(Beginning of INFORMATION SHOWN)
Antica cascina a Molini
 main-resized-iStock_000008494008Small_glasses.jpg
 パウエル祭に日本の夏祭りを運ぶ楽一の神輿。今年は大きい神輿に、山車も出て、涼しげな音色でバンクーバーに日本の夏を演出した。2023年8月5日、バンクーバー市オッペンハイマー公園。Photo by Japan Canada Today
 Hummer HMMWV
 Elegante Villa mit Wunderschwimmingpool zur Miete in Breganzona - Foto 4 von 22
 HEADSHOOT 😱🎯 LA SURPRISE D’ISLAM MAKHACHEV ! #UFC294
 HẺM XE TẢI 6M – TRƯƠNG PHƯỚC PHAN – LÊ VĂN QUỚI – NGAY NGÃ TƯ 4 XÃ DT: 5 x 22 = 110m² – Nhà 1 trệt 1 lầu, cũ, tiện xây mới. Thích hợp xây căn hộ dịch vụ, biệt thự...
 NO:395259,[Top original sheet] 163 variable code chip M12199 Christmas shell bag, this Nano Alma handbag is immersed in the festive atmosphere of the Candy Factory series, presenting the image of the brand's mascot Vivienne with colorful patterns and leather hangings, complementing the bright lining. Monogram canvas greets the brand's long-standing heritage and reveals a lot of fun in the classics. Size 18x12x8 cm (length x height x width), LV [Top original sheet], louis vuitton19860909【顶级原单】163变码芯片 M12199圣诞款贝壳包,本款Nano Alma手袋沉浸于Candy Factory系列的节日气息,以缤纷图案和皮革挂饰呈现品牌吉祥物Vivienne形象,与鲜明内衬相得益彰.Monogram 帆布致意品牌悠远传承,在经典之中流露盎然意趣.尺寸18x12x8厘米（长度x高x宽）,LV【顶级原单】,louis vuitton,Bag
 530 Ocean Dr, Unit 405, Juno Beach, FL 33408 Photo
(End of INFORMATION SHOWN)
§ TASK REQUIREMENTS: Looking at the entries above, can you reproduce exactly the lines from the one that holds "Hummer HMMWV" through the one that holds "HEADSHOOT 😱🎯 LA", and only those?

§ WRITTEN SOLUTION:
 Hummer HMMWV
 Elegante Villa mit Wunderschwimmingpool zur Miete in Breganzona - Foto 4 von 22
 HEADSHOOT 😱🎯 LA SURPRISE D’ISLAM MAKHACHEV ! #UFC294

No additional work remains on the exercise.